Виктор Платонович сидел за столиком с худощавым юношей и пил водку. Я почтительно представился.
— Садитесь. Этот товарищ камарадо — переводчик, командированный из ЦК. Через час нам нужно давать интервью итальянскому корреспонденту, какой-то не то право-коммунистической, не то лево-социалистической газеты. А пока я буду вас интервьюировать.
Едва сев, я начал бормотать, что горд и счастлив и что-то про лучшую военную книгу.
— Ладно, ладно, слыхали. А вы на фронте были?.. Так, так, все ясно. Тогда какого же хрена, товарищ майор, ты говоришь «лучшая военная книга»? Ведь ты должен знать, что в ней только часть правды.
— Пусть часть, но ни слова брехни.
— Пожалуй… Но часть правды — тоже брехня. А раз ты фронтовик, то всухую разговаривать не положено. Дорогой камарадо, распорядитесь насчет поллитра.
Мы пили за погибших товарищей, за то, чтобы, наконец, писать и говорить полную правду.

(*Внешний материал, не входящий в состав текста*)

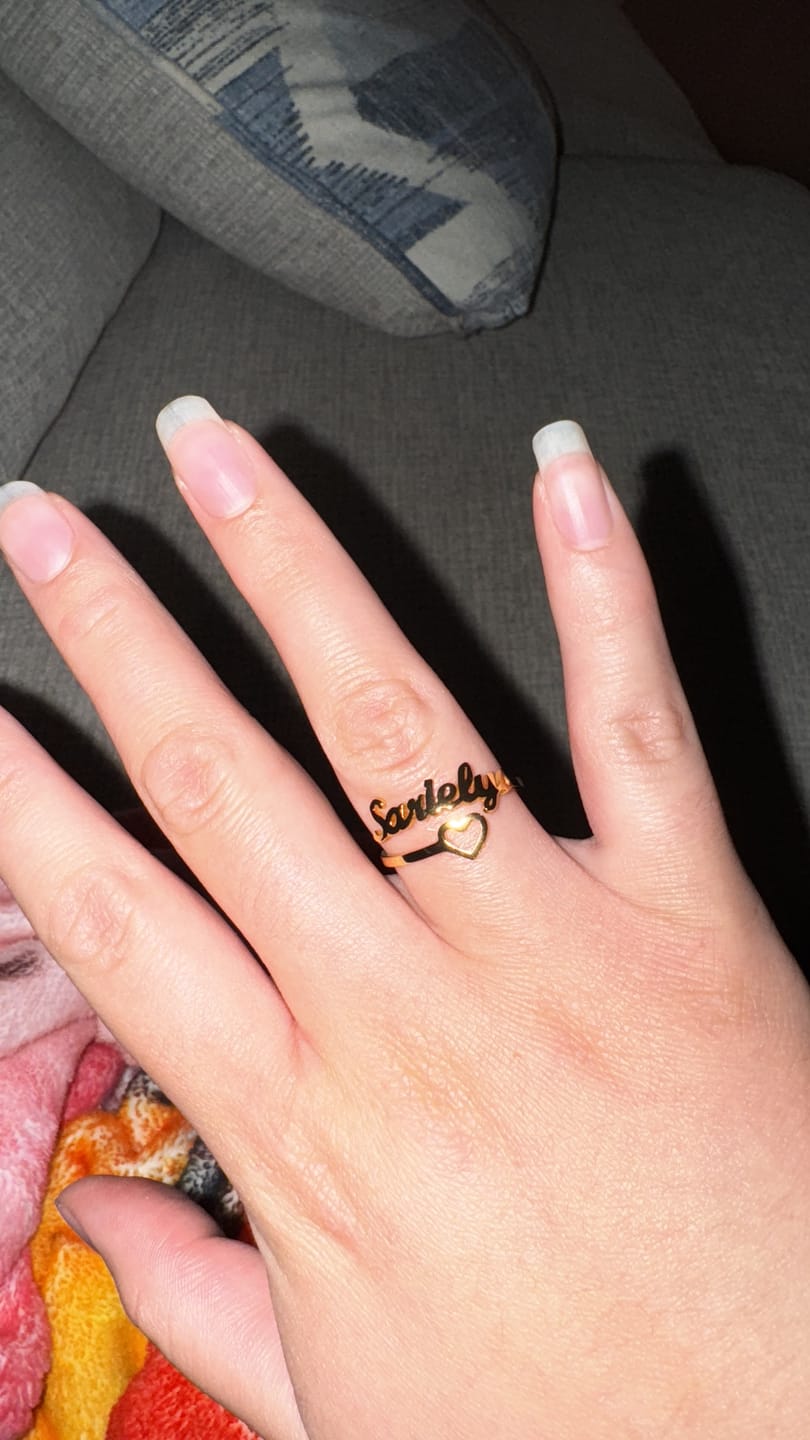 Customer photo review of Hollow Heart Name Ring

Я пытался что-то рассказать о Ремарке.
— Так, значит, эту войну он знает только по газетам, по рассказам. Скажи честно, этот роман «Жить и умирать» сравним с тем, первым «На западном фронте», или пониже, пожиже будет? Нет, нет, разумеется, я считаю, что нужно публиковать, издавать. Он честный писатель… А как ты считаешь: великий или середняк? Не можешь судить? Так какой же ты, к хренам собачьим, критик? Впрочем, наверно, честный критик должен именно так признаваться. А то у нас привыкли ярлыки лепить.